**The data**
================

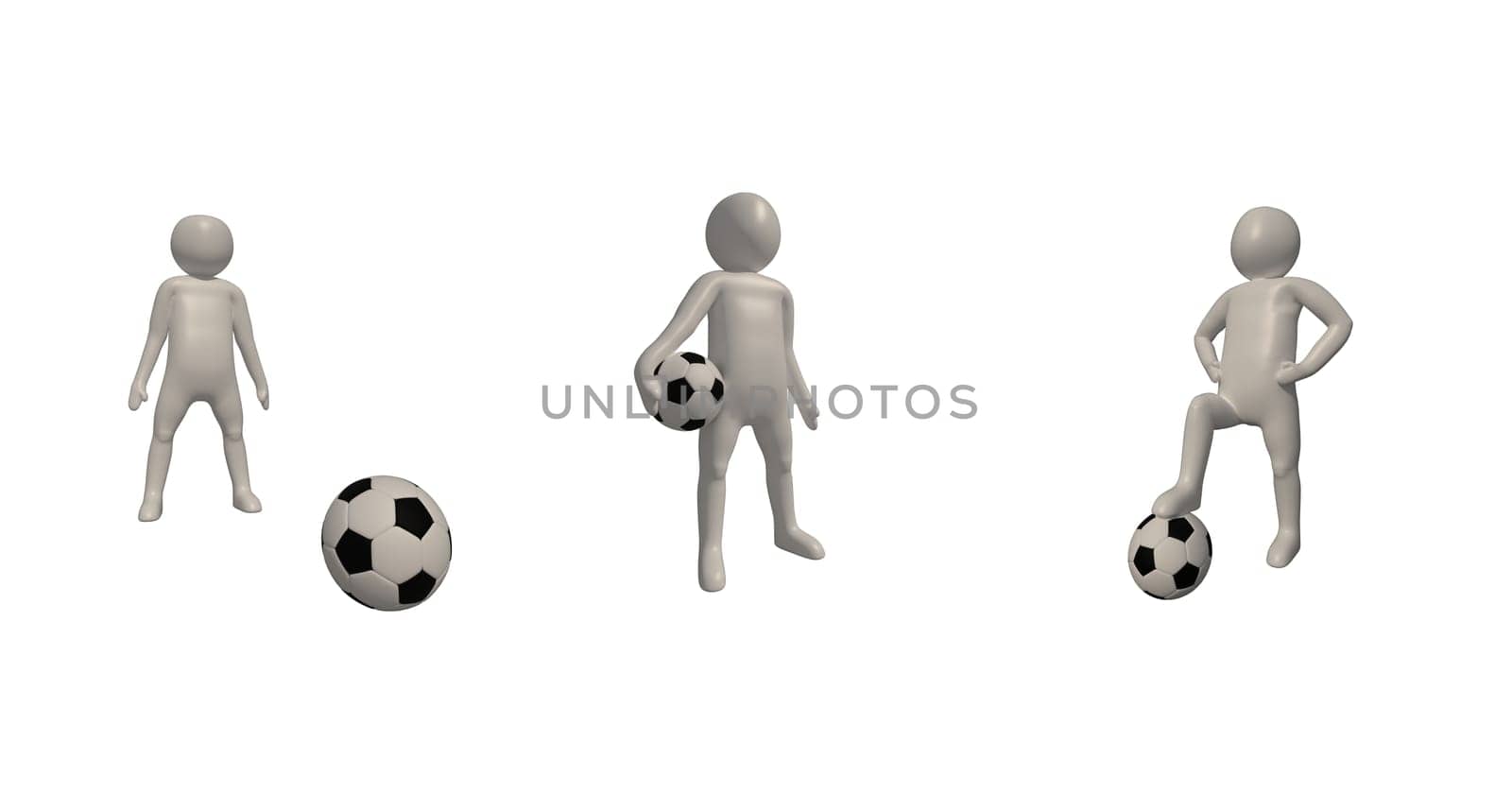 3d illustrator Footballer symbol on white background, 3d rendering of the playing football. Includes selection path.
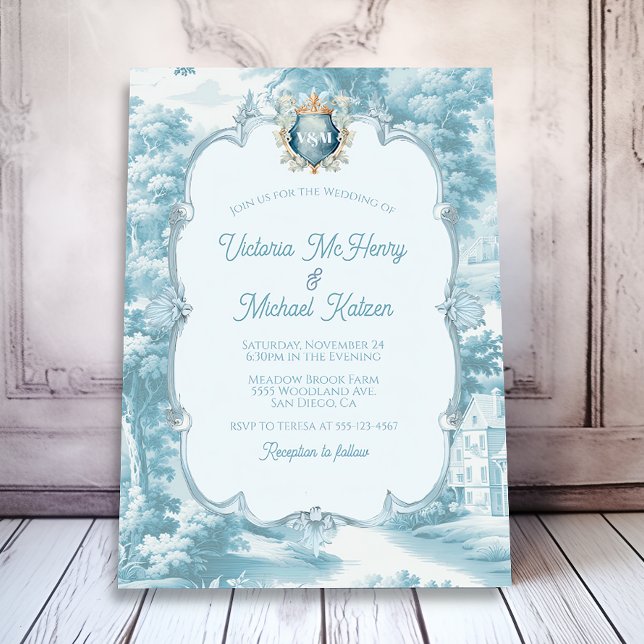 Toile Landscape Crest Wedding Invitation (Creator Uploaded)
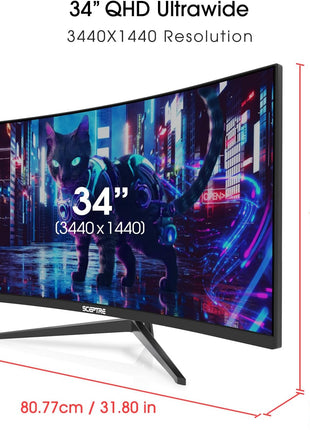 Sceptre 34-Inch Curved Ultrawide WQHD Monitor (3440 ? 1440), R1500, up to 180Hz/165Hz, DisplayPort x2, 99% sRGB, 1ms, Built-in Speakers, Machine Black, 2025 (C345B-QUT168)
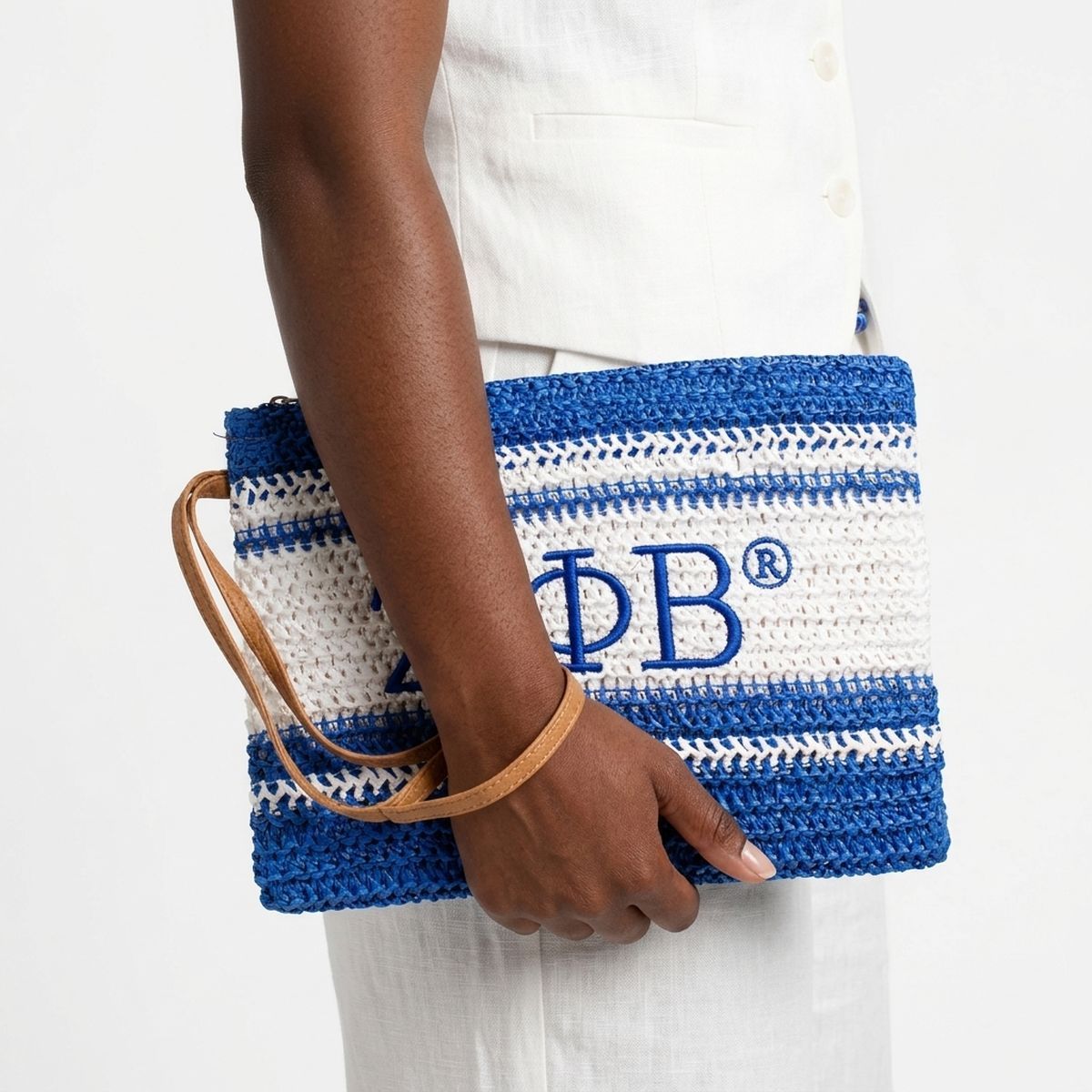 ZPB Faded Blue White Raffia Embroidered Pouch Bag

================

**Work task**
Reproduce every line of the material above, but drop the pictures.

**The answer**
 3d illustrator Footballer symbol on white background, 3d rendering of the playing football. Includes selection path.
 Toile Landscape Crest Wedding Invitation (Creator Uploaded)
 Sceptre 34-Inch Curved Ultrawide WQHD Monitor (3440 ? 1440), R1500, up to 180Hz/165Hz, DisplayPort x2, 99% sRGB, 1ms, Built-in Speakers, Machine Black, 2025 (C345B-QUT168)
 ZPB Faded Blue White Raffia Embroidered Pouch Bag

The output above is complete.